╭──

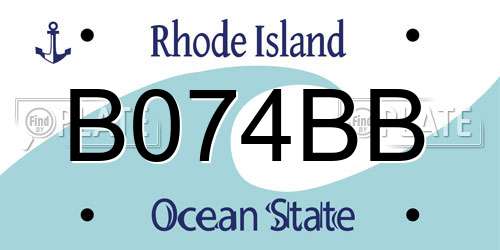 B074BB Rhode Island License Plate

╰──
╭──

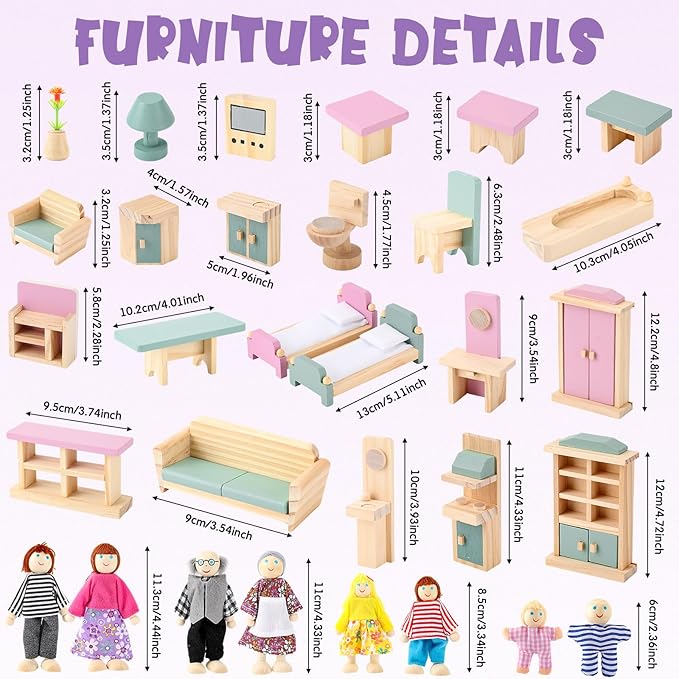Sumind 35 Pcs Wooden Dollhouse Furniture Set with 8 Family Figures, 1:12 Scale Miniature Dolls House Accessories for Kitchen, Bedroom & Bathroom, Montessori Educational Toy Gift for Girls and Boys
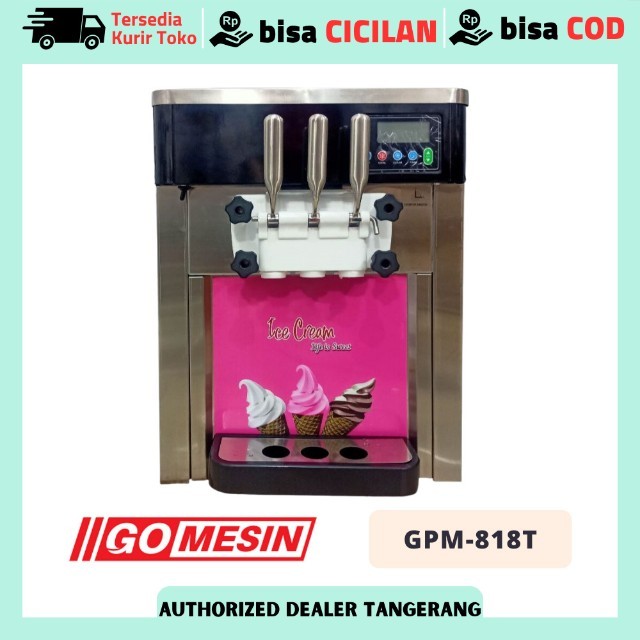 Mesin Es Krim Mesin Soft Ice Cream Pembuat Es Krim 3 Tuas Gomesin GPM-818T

╰──

* Your task: Return exactly the part of the listing above that opens with the line containing "Sumind 35 Pcs" and closes with the line containing "Mesin Es Krim". Pictures stay out.

* Response to this task:
Sumind 35 Pcs Wooden Dollhouse Furniture Set with 8 Family Figures, 1:12 Scale Miniature Dolls House Accessories for Kitchen, Bedroom & Bathroom, Montessori Educational Toy Gift for Girls and Boys
 Mesin Es Krim Mesin Soft Ice Cream Pembuat Es Krim 3 Tuas Gomesin GPM-818T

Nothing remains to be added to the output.